How a passion for racing was born

Racing, in fact, became a family passion. Joe and Bud were inducted together in the first Atomic Speedway Hall of Fame class, while Mark, who vividly remembers spending plenty of time around racetracks as a child, also recently was inducted.

"I was at my first race when I was six weeks old," Mark said. "I grew up traveling all over the United States watching my dad race. Back in the '70s, he traveled quite a bit (running blacktop and dirt) so we traveled all over pretty much the eastern half of the United States. I grew up at the racetrack every Friday, Saturday and Sunday night, it seemed like."

One of Bud's career highlights, he said, came during that period in 1975 when he took part in the Little 500 in Anderson, Indiana, a sprint car event conducted a week before the famous Indy 500 race. The race features 33 cars starting three-wide — something of a rarity with sprint car racing because tracks are normally too narrow for a three-wide start — on a quarter-mile track. In deference to the Indy 500, the cars make 500 laps of the oval.

"In 1975, (Bud) was the fastest of 100 cars (to attempt to qualify), and he qualified for the pole of the Little 500," Mark said, after which his father lovingly recalled his then-10-year-old son's excited reaction to the feat.

Too many races to track

In a society obsessed with metrics and statistics, one may think Bud would know exactly how many races he's won over the course of his career. He's never kept track, however, although Mark said family estimates have the number at somewhere between 350 and 450 feature victories. He does know that at some point or another during his career, he has been crowned the Atomic Speedway track champion in each of the classes that have run there.

What he's been able to accomplish has impressed Atomic Speedway owner Brad McCown.

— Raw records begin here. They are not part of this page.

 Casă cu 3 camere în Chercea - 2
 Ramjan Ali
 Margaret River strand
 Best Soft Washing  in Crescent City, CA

"I've said to people what are the chances that any of us will be alive when we're 83, and he's still out here doing things that 20- and 30-year-olds want to do," McCown said, also praising the Fraziers' roles in the community. "It's just remarkable that his health and everything allows him to do what he is doing."

For every minute spent behind the wheel, Bud and Mark spend countless others in the garage getting the cars ready for the next weekend of racing. With advances in technology, they've had to adapt to new ways of doing things since those early days when there were no roll cages or other safety measures standard in today's cars.

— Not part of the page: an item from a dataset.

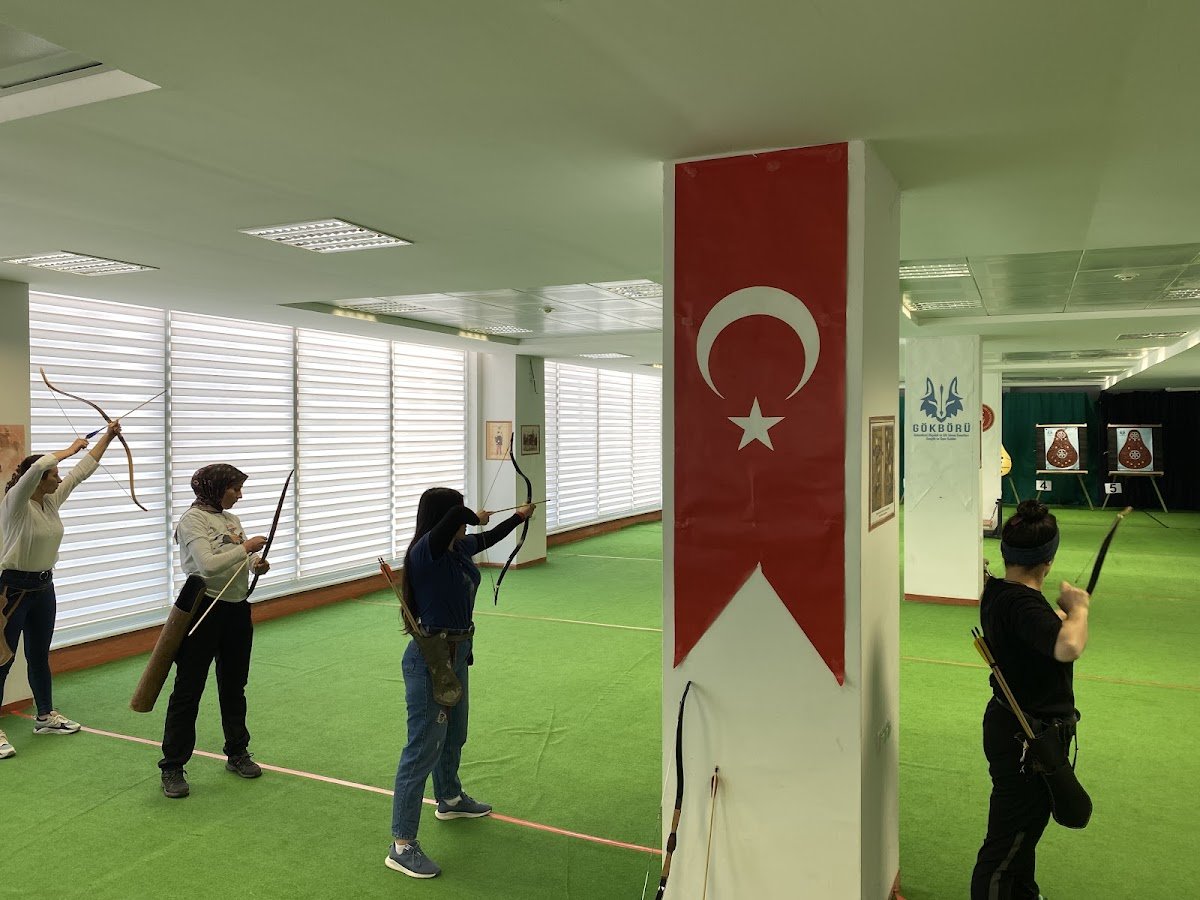 Gökbörü Geleneksel Spor Kulübü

"I've got a picture of my dad racing sprint cars back when they didn't run with roll cages," Mark said. "All you had was a piece of tubing behind your head and you raced your car. I can't believe how brave that was. They didn't have racing seats, they just had a lap belt, and not even good helmets."

'I figured you win a race, you just win a race'
As a result, Bud and Mark have known their share of drivers who suffered severe injuries and even death in a race car. Even so, they said real fear has never entered into the equation for them, with their experience and reflexes serving to calm their nerves.

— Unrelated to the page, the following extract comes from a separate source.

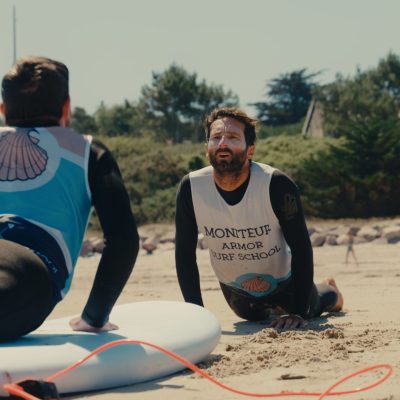 Armor Surf School - Sables d'or les pins fréhel (4)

Bud, in fact, said he's well past the point of getting very excited while on the track. The reaction to last weekend's victory, however, did make an impact.

"I never even thought about it, I figured you win a race, you just win a race," Bud said. "Then, when I climbed out of the car, there wasn't a person in the stands, they were all standing down at the fence and I knew then that it was something."

Congratulations also came from nearly all of his fellow drivers following the race, and a post-race video posted on the Atomic Speedway website as of Friday had more than 104,000 views and dozens of comments offering well wishes.

While touched by the outpouring of support, there's no resting on his laurels for Bud. He was immersed on Thursday in preparations for another weekend of racing. Despite a forecast of extreme heat, he couldn't be happier.